Kristin Kuck: Die Kritik an Wörtern ist keine sprachwissenschaftliche Spitzfindigkeit, sondern wichtiger Bestandteil demokratischer Diskurse. Oft ist nämlich der Streit um Wörter nicht einfach ein Streit über sprachliche Ausdrücke, sondern ein Schlachtfeld, auf dem ideologische Kämpfe ausgetragen werden. Das zeigt sich ja auch in den oft sehr emotionalen Reaktionen auf die Unwort-Wahl, sowohl bei Zustimmung als auch bei Ablehnung. Deshalb halte ich diese Aktion für so wichtig.

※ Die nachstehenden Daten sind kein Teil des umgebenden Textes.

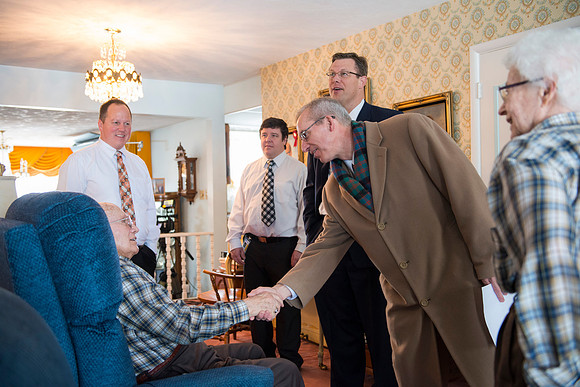 Greetings before President Gilbert interviews Dr Lowder.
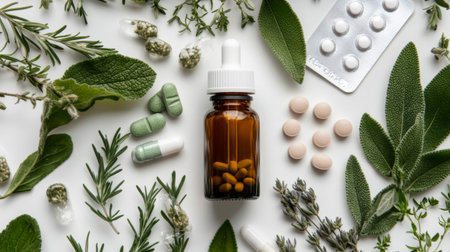 Discover a collection of herbal remedies and supplements arranged artistically, showcasing nature's power for health and wellness solutions.の素材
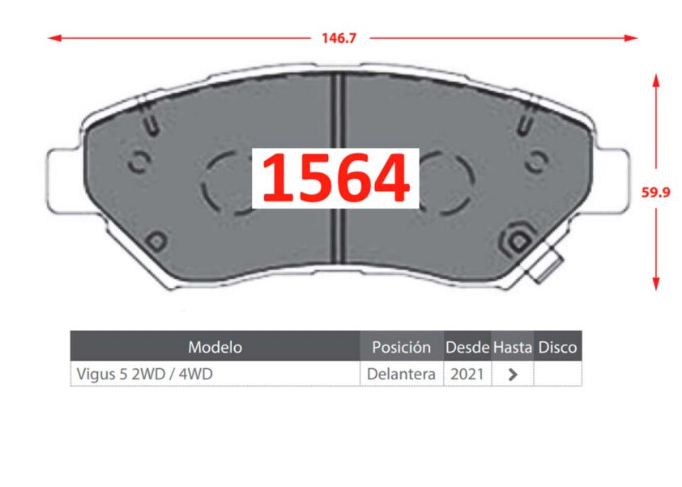 Pastillas De Frenos GTX Delantera JMC VIGUS 5 4WD 2021 ->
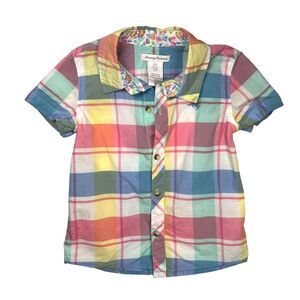 Tommy Bahama Shirt Unisex Sz‎ 3T 4T Plaid Short Sleeve ButtonUp Beach Blue Pink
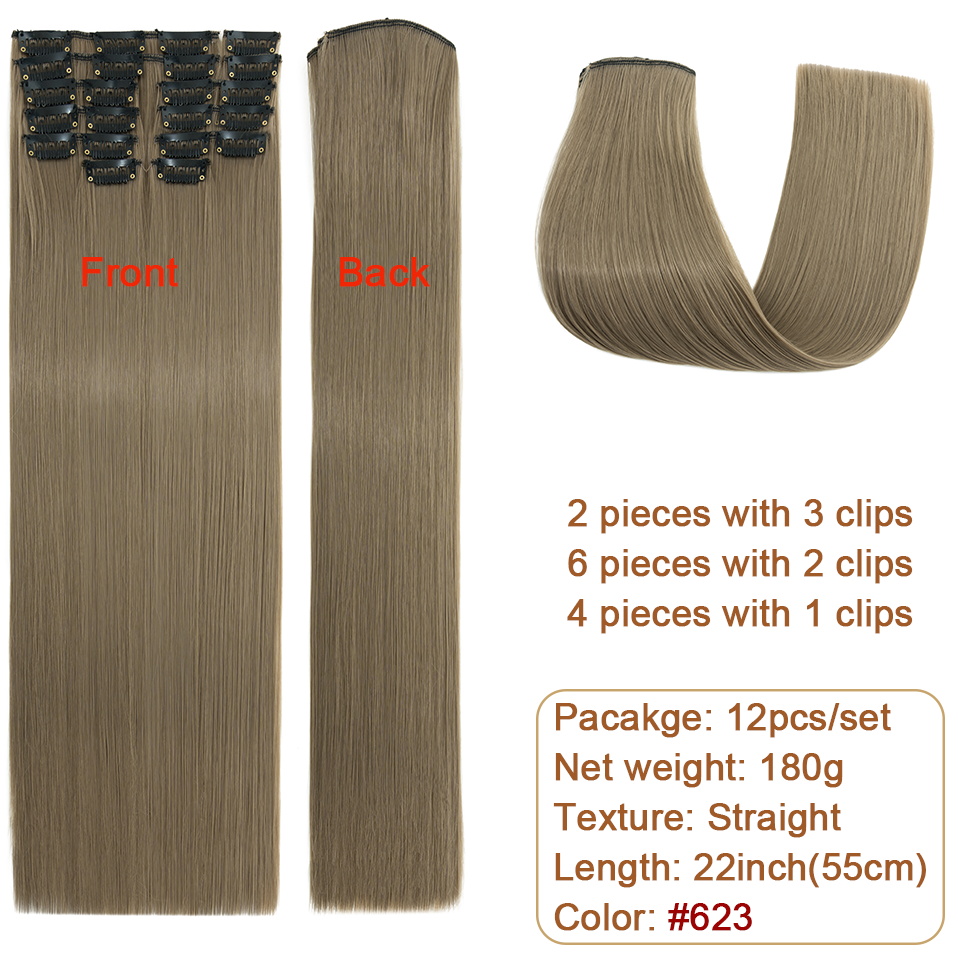 BENEHAIR 180g Straight Clip in hair extensions 22" 12PCS Hair Extensions for Women Full Head Heat Resistant Synthetic Hairpiece: NC/4HL
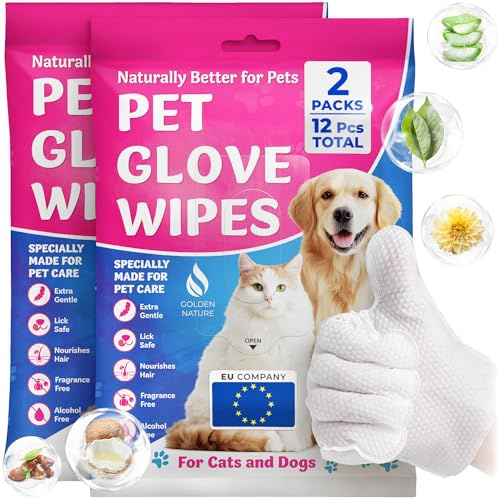 Golden Nature - Lingettes pour Animaux Chiens + Chats - 12 Pièces - Gants-Lingettes sans Eau pour Laver, Baigner, Toilettage - Nettoie Pattes, Visage, Corps - Jetables, Sûres en Cas de Léchage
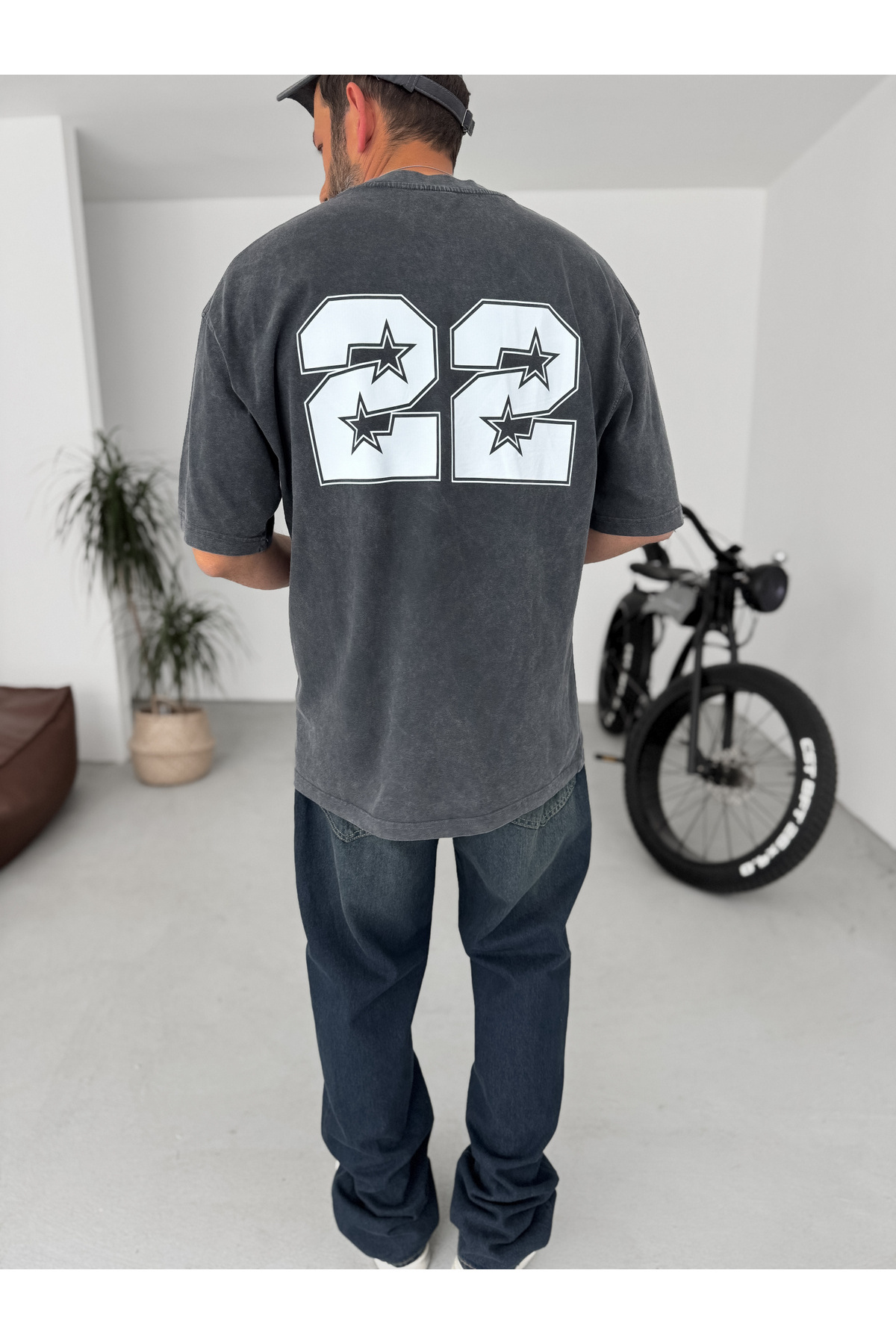 BYBASICMAN-Black 22 Printed Washed Oversize T-Shirt Pm-095 2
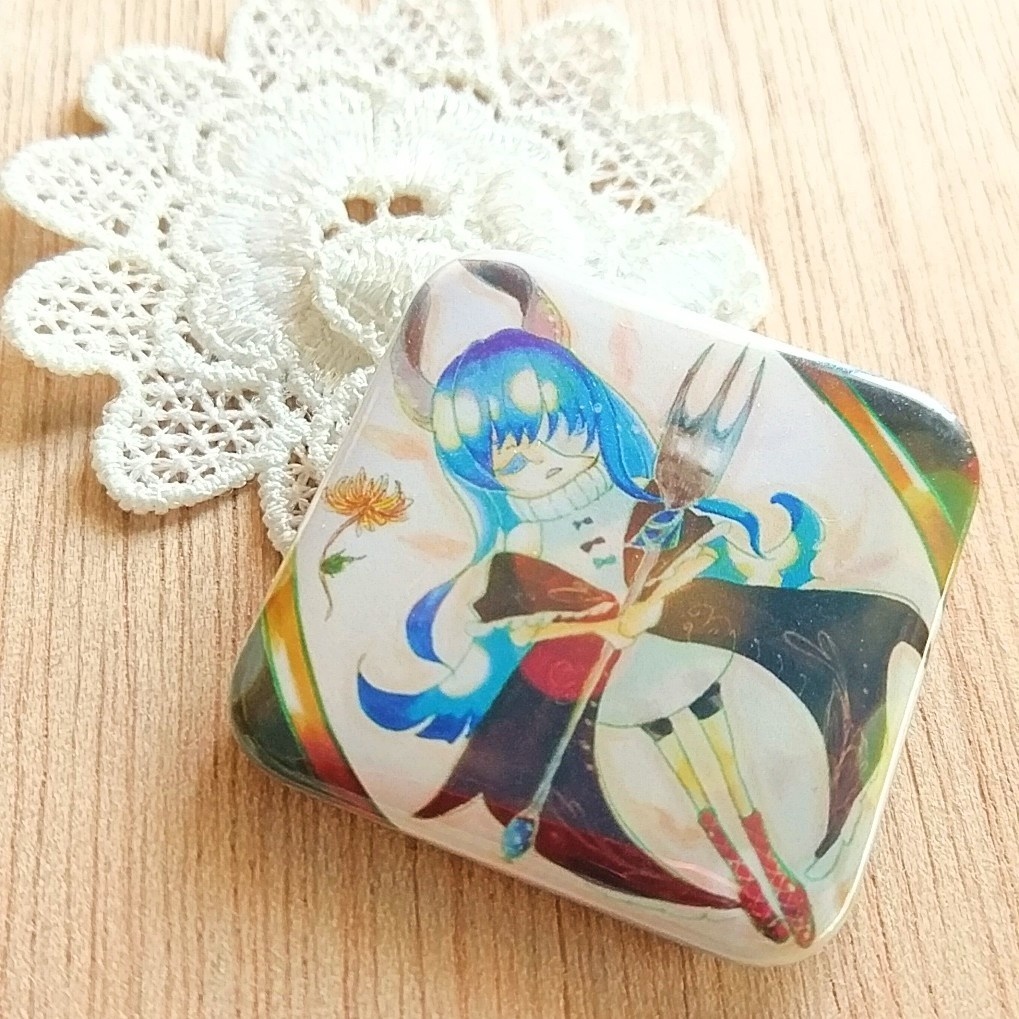 イラスト缶バッチ(青くん)　正方形38mm　アナログイラスト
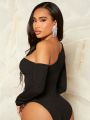 SHEIN SXY One Shoulder Irregular Cut Out Bodysuit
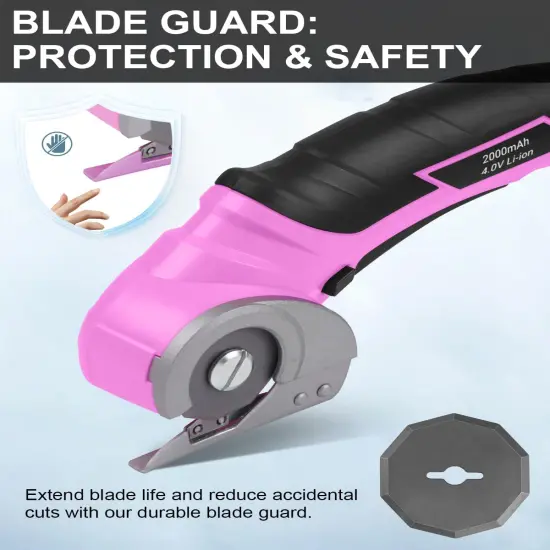 Cordless Electric Scissors Cardboard Cutter - Rechargeable 4V Rotary Cutter with Self-Sharpening Blade Heavy Duty Box Scissor with Safety Lock for Cardboard, Crafting, Carpet, Leather {4}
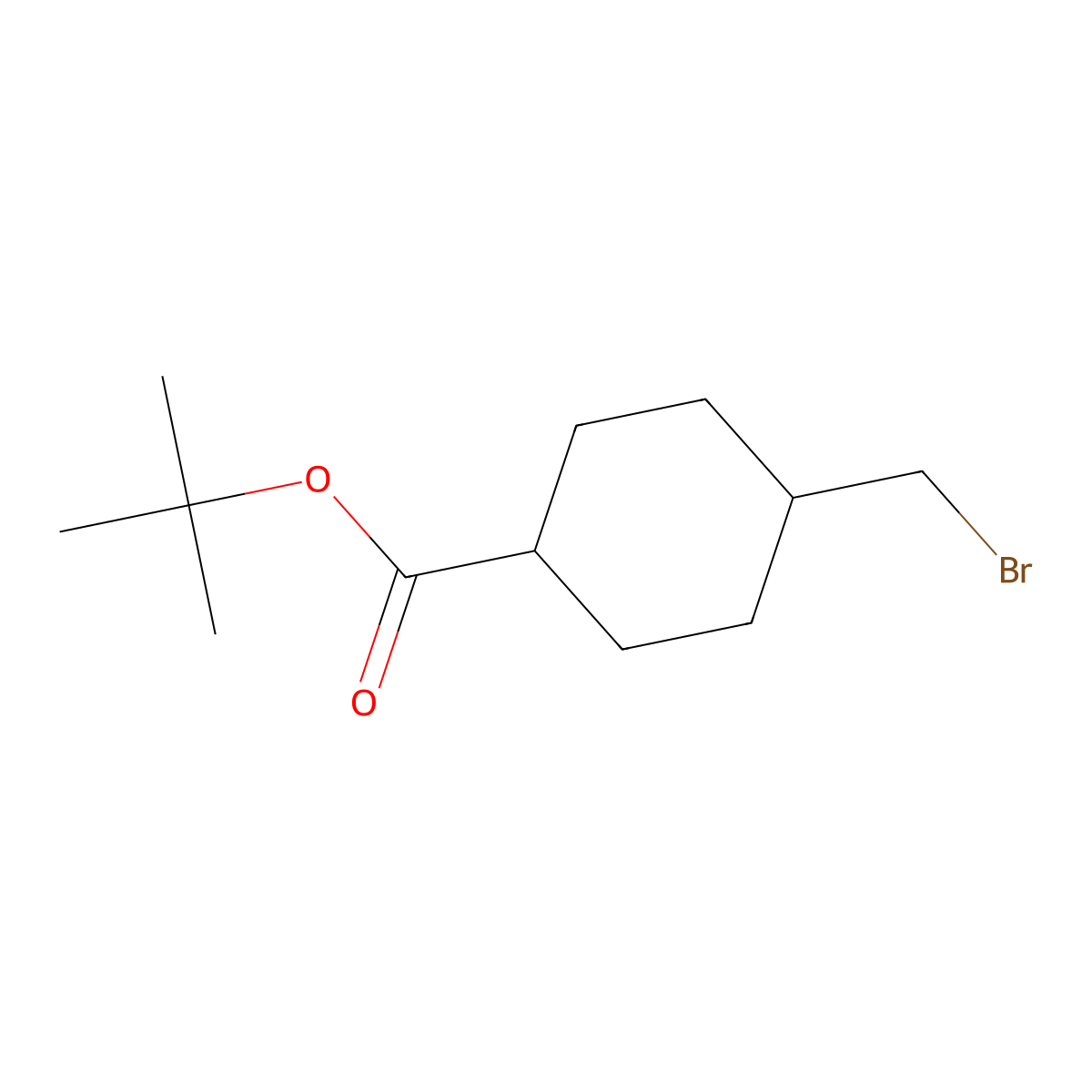 Tert-butyl 4-(bromomethyl)cyclohexane-1-carboxylate molecular structure, CAS 2866317-41-9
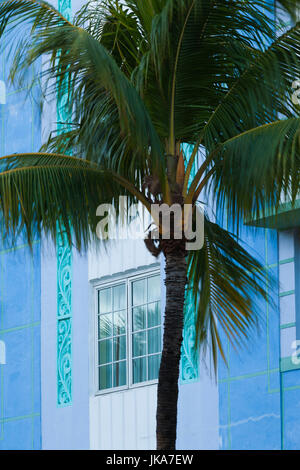 USA, Florida, Miami Beach, South Beach hotels on Ocean Drive, art-deco wall with palm tree Stock Photo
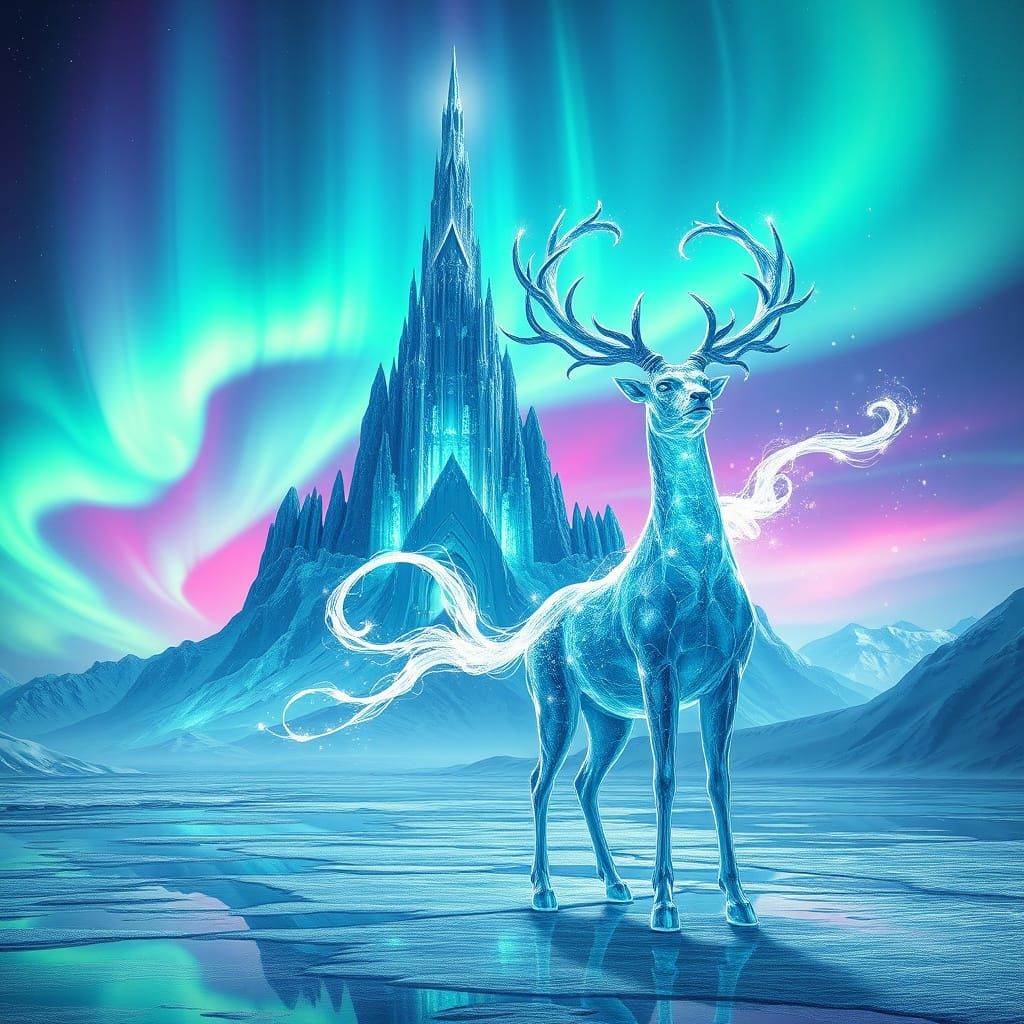 Ethereal Arctic Crystal Palace Radiates with Celestial Blues...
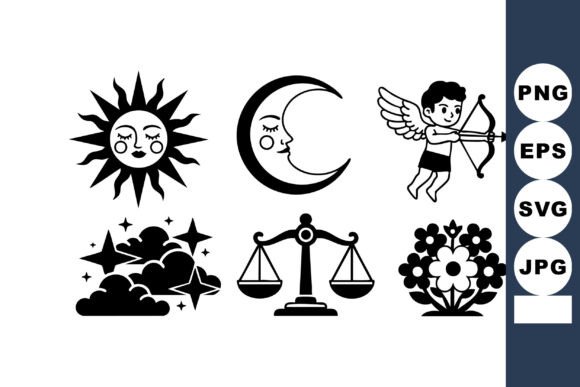 Sun Moon Cupid Scales: Graphics & Illustrations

Weil sie in regelmäßigen Abständen auf die zurückliegenden Debatten schaut, dabei einen Schritt zurücktritt und reflektiert, was auf diesem Feld passiert ist und welche Tendenzen sich abzeichnen. Ich möchte in der neuen Jury diesen Prozess begleiten.

Wird die Entscheidung über das Unwort auch weiterhin auf eingesendeten Vorschlägen beruhen?
Kuck: Ja. Es ist zu Recht eine Aktion, die auf Sprachkritik aus der Bevölkerung basiert. Im Prinzip kritisiert ja jeder Wörter, die um ihn herum verwendet werden. So wird diese Aktion auch weiterhin von denen mitgetragen werden, die ihre Vorschläge einreichen. Dennoch haben diejenigen, die sich professionell mit Sprache und Diskursen beschäftigen, die Möglichkeit und die Methoden, die Kritik zu überprüfen und zu gewichten. Deshalb wird die Wahl des Unworts auch weiterhin eine Entscheidung der Jury sein, aber auf den Vorschlägen beruhen.